After praising previous successes, such as the shutdown of Megaupload and the prosecution of several IMAGiNE members, Bitkower explained the evolving challenges copyright holders are dealing with.
From illegal piano rolls in the early 1900s to floppy disks a century later, new technologies have presented new threats, he argued. With the rise of broadband access this process has worsened and the most recent challenge is combating illegal streaming services.
“One new challenge confronting copyright owners and law enforcement authorities is the rise of Internet ‘streaming’ as the dominant means of disseminating many types of copyrighted content online. This activity also derives from advances in technology: in this case, the growth in availability of high-speed Internet to the average consumer,” Bitkower said.
The problem for the Department of Justice and copyright holders is that these services are harder to prosecute. Technically, streaming doesn’t count as distribution but as a public performance, which can only be charged as a misdemeanor.

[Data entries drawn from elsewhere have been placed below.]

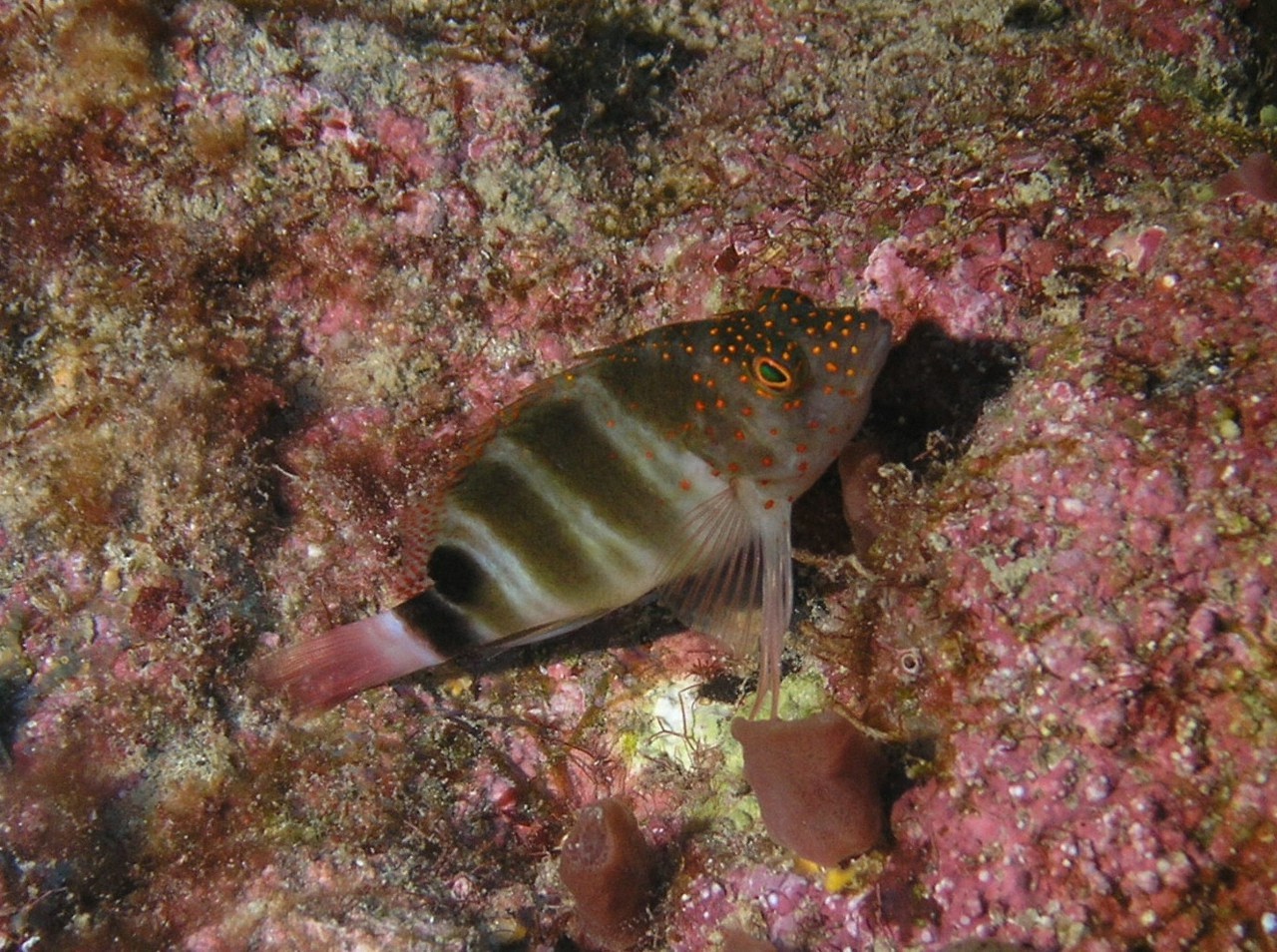 Redspotted Hawkfish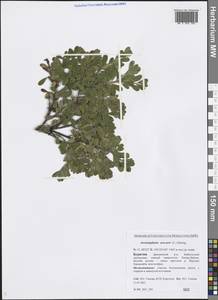 Arctostaphylos uva-ursi (L.) Spreng., Siberia, Baikal & Transbaikal region (S4) (Russia)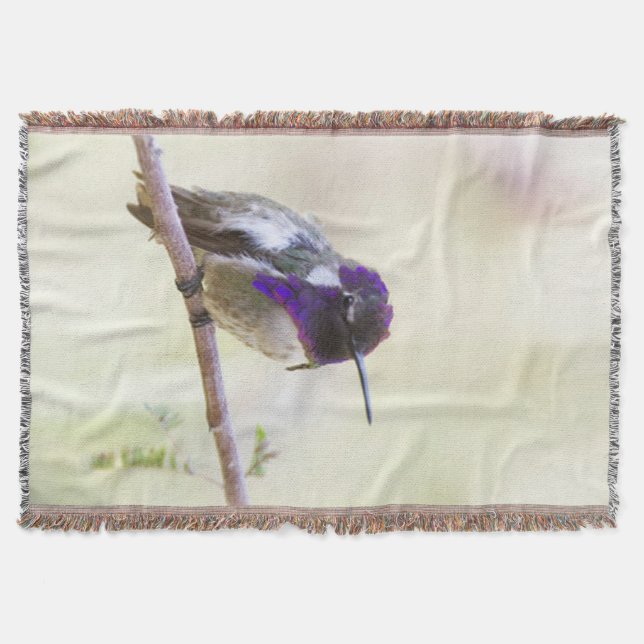 Costa's Hummingbird perched on a gren Filt (Framsidan)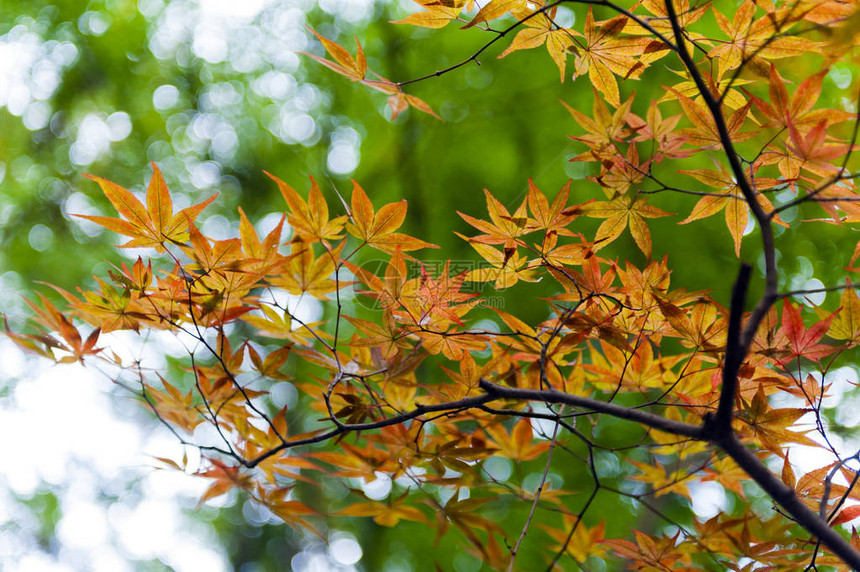 秋天在日本京都的SekizanZe图片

The administration tried to remedy this in 2012, by implementing the SOPA and PIPA bills, but these were shelved after public outrage. Many people feared that uploading copyrighted YouTube videos could possibly land them in jail and took their concerns to the streets.
However, fast forward a few years and the same plan is back on the table.
“The Administration recommends that Congress amend the law to create a felony penalty for unauthorized Internet streaming. Specifically, we recommend the creation of legislation to establish a felony charge for infringement through unauthorized public performances conducted for commercial advantage or private financial gain,” Bitkower explained.
“It would emphasize the seriousness of the threat that unauthorized streaming poses to legitimate copyright holders, clarify the scope of conduct deemed to be illegal in order to deter potential infringers, and provide the Department with an important tool to prosecute and deter illicit Internet streaming.”
In addition to criminalizing illicit streaming, Bitkower also called for persistent funds to support its international operations. In recent years the DoJ has educated police forces abroad to deal with copyright infringement. This apparently includes training on very basic skills, such as how to connect to the Internet in the first place.
“The program has realized numerous successes, including a Ukrainian police officer who, after receiving training, was able to use a dial-up Internet connection from his home computer to bring down the largest illegal file sharing service in his country,” Bitkower said.
The international program helped to shut down Megaupload, but could also target The Pirate Bay through tools such as “diplomatic and trade-based pressure.” Worryingly, the United States has trouble getting the facts rights, as it believes that the political Pirate Party is connected to The Pirate Bay.
“In addition to the Mega Conspiracy described above, we have seen The Pirate Bay start as a file sharing site for unauthorized copies of works in Sweden, expand to other countries, and even develop its own political party in Europe,” Bitkower noted.
Mistakes aside, it’s clear that the Obama administration hasn’t lost its focus on copyright infringement.
All recommendations are aimed at more prosecutions, more international pressure and tougher punishments for pirates. Time will tell whether they can get Congress to agree this time around.